## Exercise inputs:
== Segment start ==
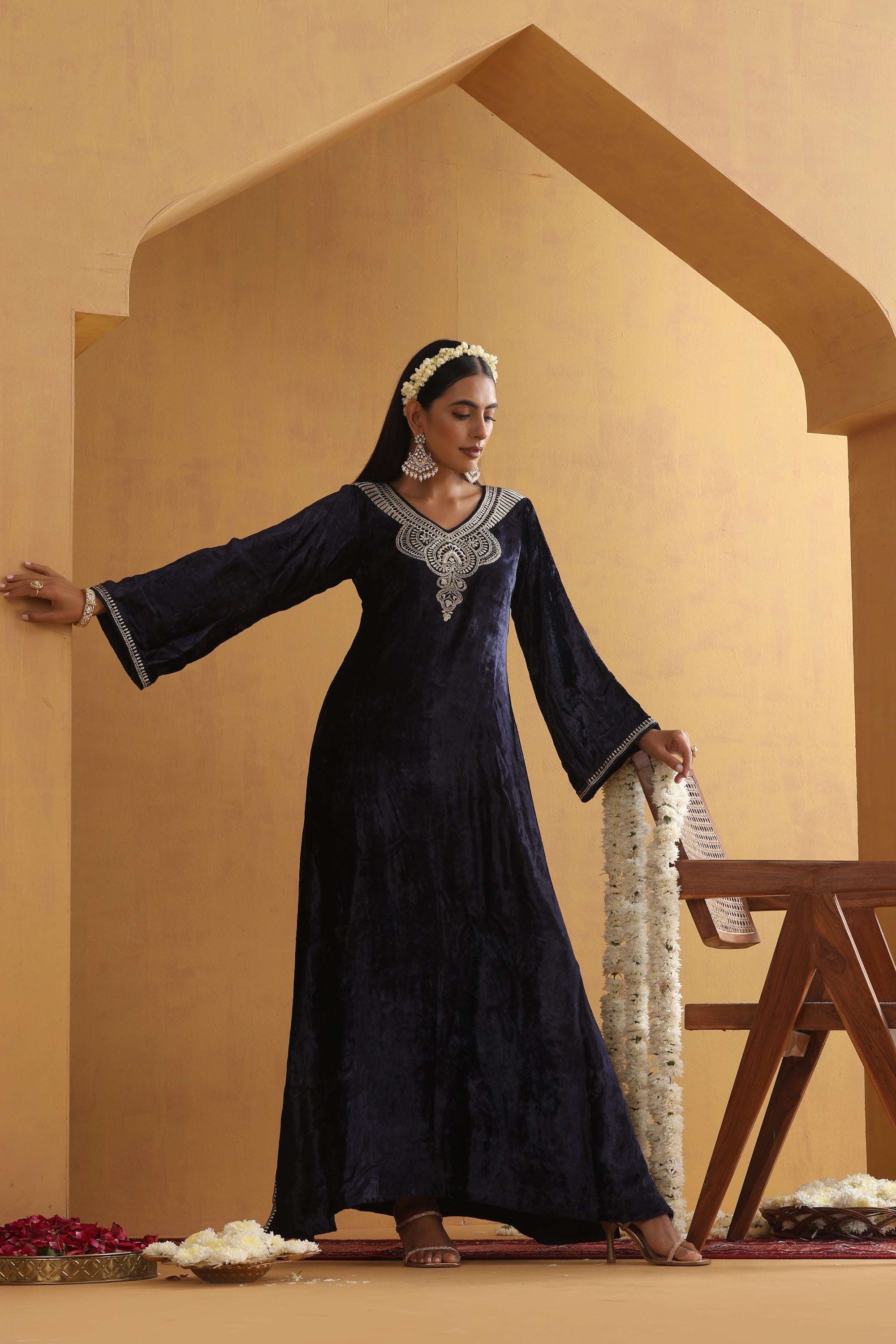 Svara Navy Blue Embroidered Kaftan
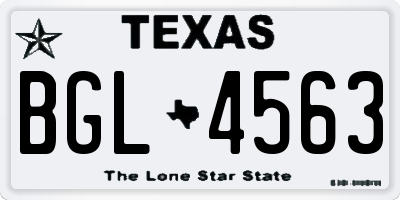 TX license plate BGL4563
== Segment end ==
== Segment start ==
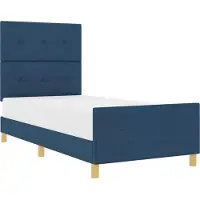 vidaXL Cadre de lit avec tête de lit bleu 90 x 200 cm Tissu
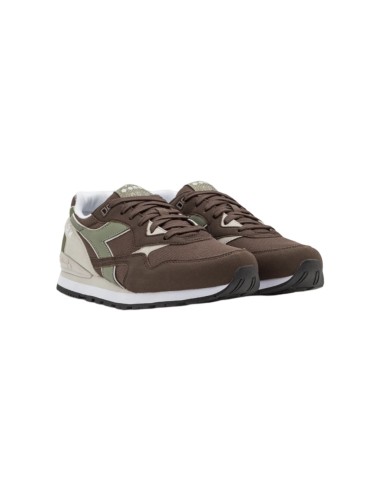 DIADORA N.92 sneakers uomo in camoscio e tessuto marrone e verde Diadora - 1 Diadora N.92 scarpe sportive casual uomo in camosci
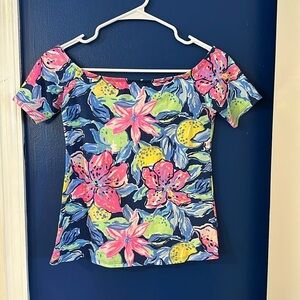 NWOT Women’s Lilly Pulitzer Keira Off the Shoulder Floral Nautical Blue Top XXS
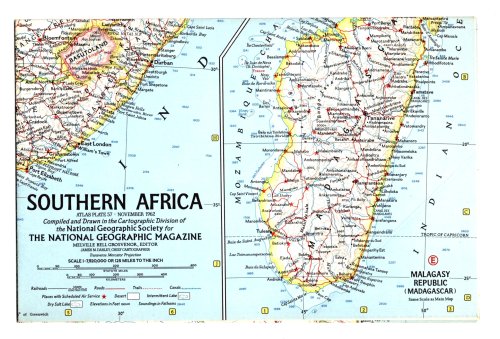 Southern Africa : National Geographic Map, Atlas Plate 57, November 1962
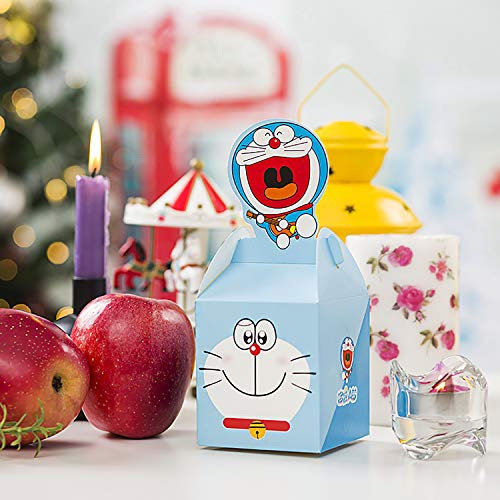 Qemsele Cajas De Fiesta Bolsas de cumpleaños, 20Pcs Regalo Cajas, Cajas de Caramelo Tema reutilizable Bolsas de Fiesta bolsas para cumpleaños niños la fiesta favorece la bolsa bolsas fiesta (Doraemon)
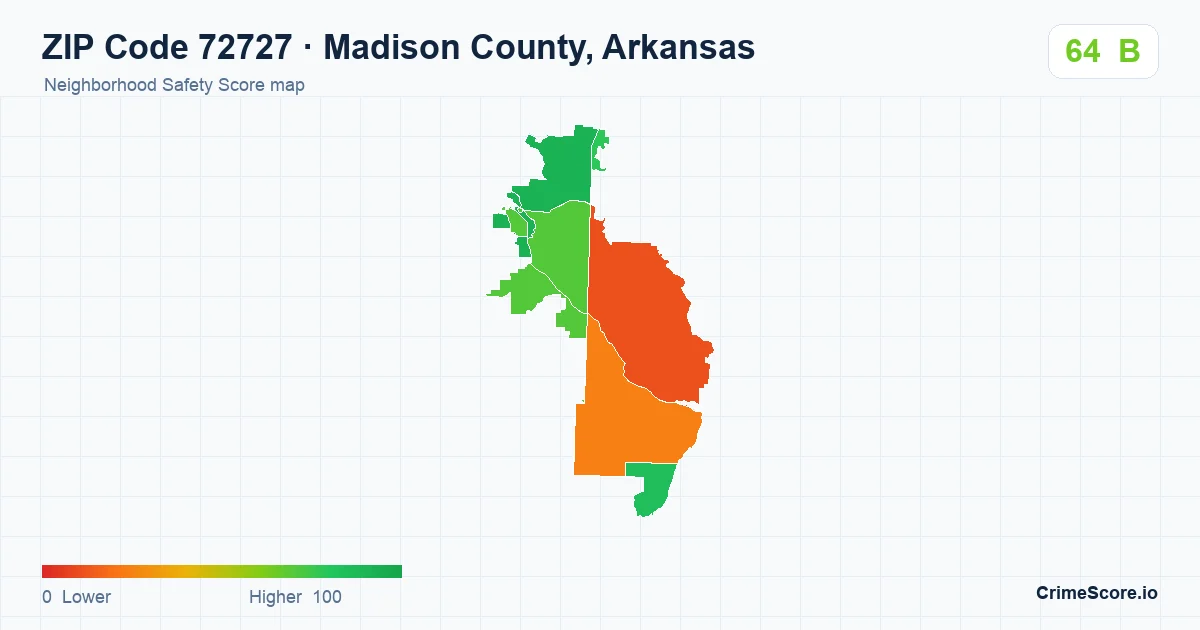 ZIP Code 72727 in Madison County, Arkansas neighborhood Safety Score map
== Segment end ==
== Segment start ==
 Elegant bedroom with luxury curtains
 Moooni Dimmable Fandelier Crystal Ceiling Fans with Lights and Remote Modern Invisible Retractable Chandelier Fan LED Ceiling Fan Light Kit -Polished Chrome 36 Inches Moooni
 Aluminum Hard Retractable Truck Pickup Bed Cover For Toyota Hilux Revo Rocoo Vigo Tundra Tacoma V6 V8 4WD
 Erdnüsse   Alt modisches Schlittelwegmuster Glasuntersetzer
== Segment end ==
## Task directions:
Everything above from the line that has "Southern Africa : National" down to the line that has "ZIP Code 72727" should be output exactly, with both of those lines included. Leave the pictures behind.

## Response:
 Southern Africa : National Geographic Map, Atlas Plate 57, November 1962
 Qemsele Cajas De Fiesta Bolsas de cumpleaños, 20Pcs Regalo Cajas, Cajas de Caramelo Tema reutilizable Bolsas de Fiesta bolsas para cumpleaños niños la fiesta favorece la bolsa bolsas fiesta (Doraemon)
 ZIP Code 72727 in Madison County, Arkansas neighborhood Safety Score map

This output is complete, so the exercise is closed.